We have to admit: For an industry that posted enormous losses in 2009 and is now on the government dole, $18.4 billion in "performance" bonuses for Wall Street executives seems a tad much. President Obama called it "shameful."

"There will be time for them to make profits," he said Thursday with Treasury Secretary Tim Geithner by his side. "And there will be time for them to get bonuses. Now's not that time. And that's the message that I intend to send directly to them, I expect Secretary Geithner to send to them."

Vice President Joe Biden was even more pointed: "I'd like to throw these guys in the brig," he said.

Democratic Sen. Chris Dodd had this to say to those executives who take home big bonuses: "If you do it, I'm going to bring you before the (Senate Banking) Committee."

Perhaps the ire is deserved. It's hard to defend Wall Street executives' pay. Last year, the Dow closed off 34%, its third-biggest loss ever, as trillions in wealth evaporated. And financial companies lost nearly $50 billion for their shareholders.

Yet executives gave themselves hefty bonuses, claiming they had to do so in order to keep talented people.

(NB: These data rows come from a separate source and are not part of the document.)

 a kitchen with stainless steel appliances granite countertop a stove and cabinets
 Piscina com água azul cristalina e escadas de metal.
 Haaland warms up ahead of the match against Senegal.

Maybe so. But it's sad this should even be a part of our daily discussion, and it only shows just how twisted things have become in our once-capitalist system. In the brave new world of post-bailout economics, politicians — not the marketplace — decide what it's appropriate to pay executives.

At one time, businesses competed intensely, and success or lack of same guided what executives would earn. But no more.

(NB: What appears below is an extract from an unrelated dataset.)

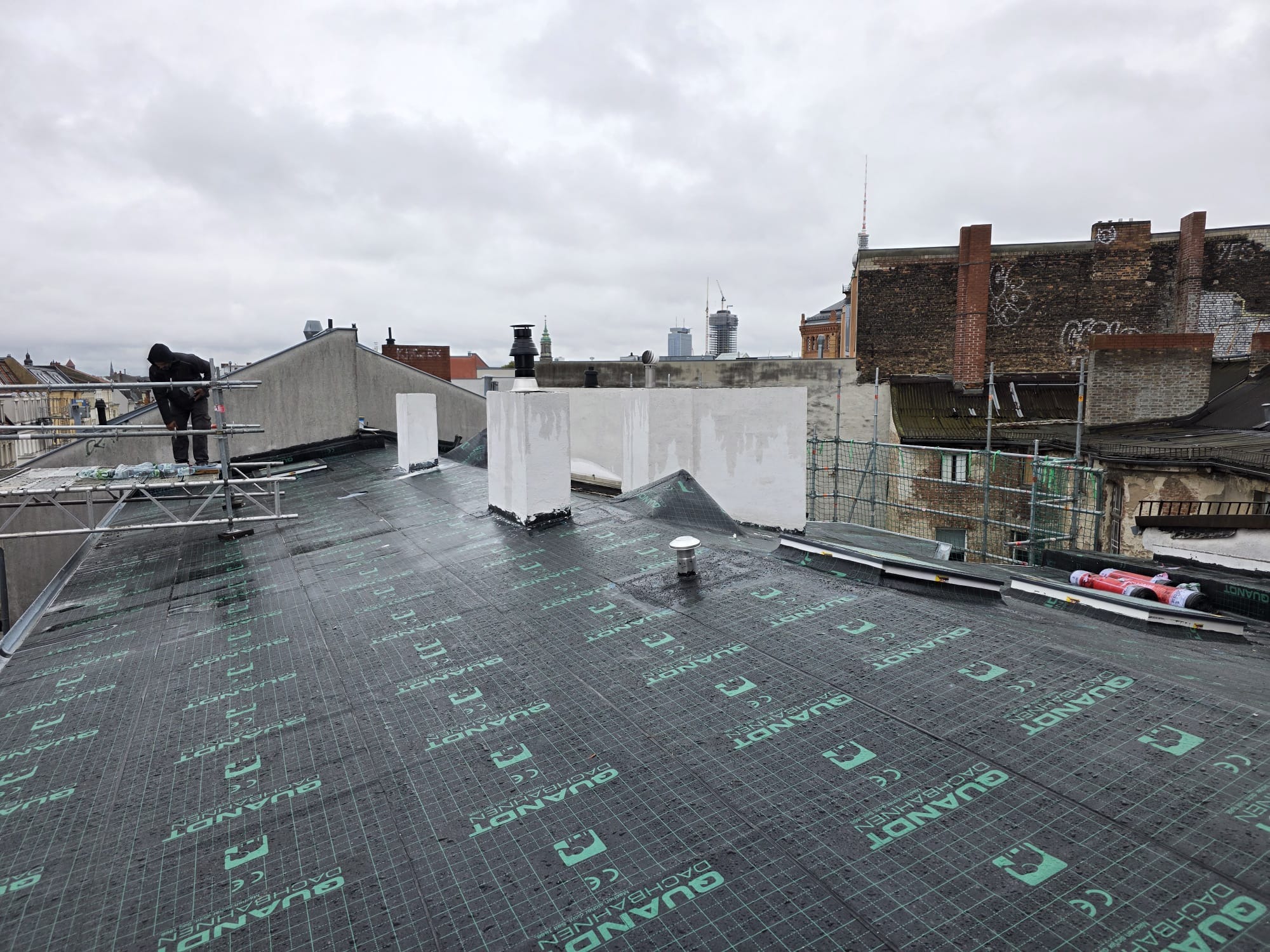 Układanie membrany dachowej Quantdt na dachu w Warszawie. Widoczny pracownik na rusztowaniu i elementy wentylacyjne. Prace dekarskie w toku, pochmurny dzień.
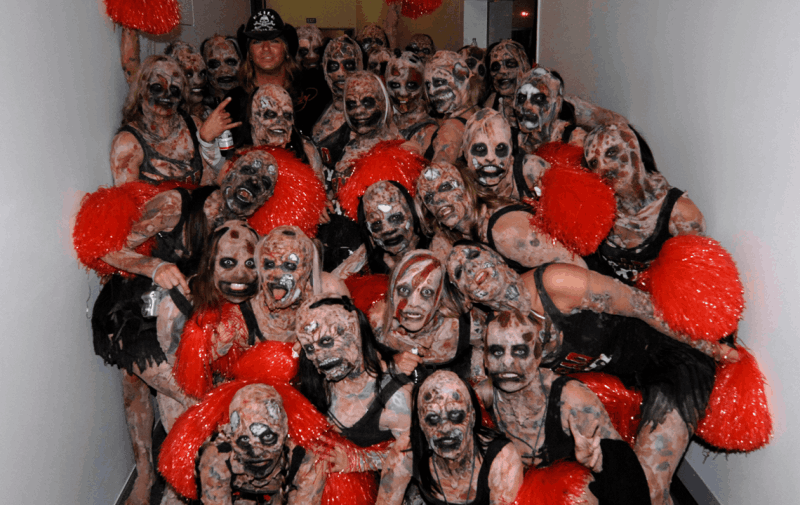 Backstage group photo of Weta Workshop zombie cheerleader performers with Bret Michaels at Rock2Wgtn.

Today, with hundreds of billions of dollars flowing from public coffers into the private financial sector to prop up failing companies, politicians feel quite within their rights to harangue, cajole, even threaten those who take their money.

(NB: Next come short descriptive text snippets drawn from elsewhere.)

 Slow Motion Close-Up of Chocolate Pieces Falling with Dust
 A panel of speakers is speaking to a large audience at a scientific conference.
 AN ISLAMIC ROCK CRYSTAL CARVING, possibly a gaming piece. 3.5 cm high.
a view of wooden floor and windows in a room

This is one of the unforeseen consequences economists warn about. Executives who thought they'd get access to Uncle Sam's wallet without strings attached now find they're beholden to elected officials — not the market.

It would be far healthier for the economy if it was the companies themselves, operating within market-imposed discipline and under the watchful eye of shareholders, that decided how executives were compensated.

Sadly, Wall Street today seems to suffer from what economists call an "agency problem." In a healthy company, managers and execs work for the shareholders. But after a government bailout, taxpayers — that is, politicians — are boss.

And, as always, this leaves a lot of room for politicians to demagogue the issue, always on behalf of "the taxpayers."

That's what's happening now in Washington, and it isn't healthy. However outraged you might be at the executives' $18 billion in bonuses, that pales in comparison to Congress' pork-filled, 680-page, $825-billion stimulus bill.

As the bill moves toward law, polls show voters are having second thoughts about the whole thing. Mainly, they don't like the waste — or the fact that only about 10% to 15% of the spending can even remotely be called "stimulus."

Does this explain why politicians have suddenly gone into such high dudgeon over executive bonuses? After all, if you were about to misspend hundreds of billions in taxpayer money, wouldn't you want a scapegoat too?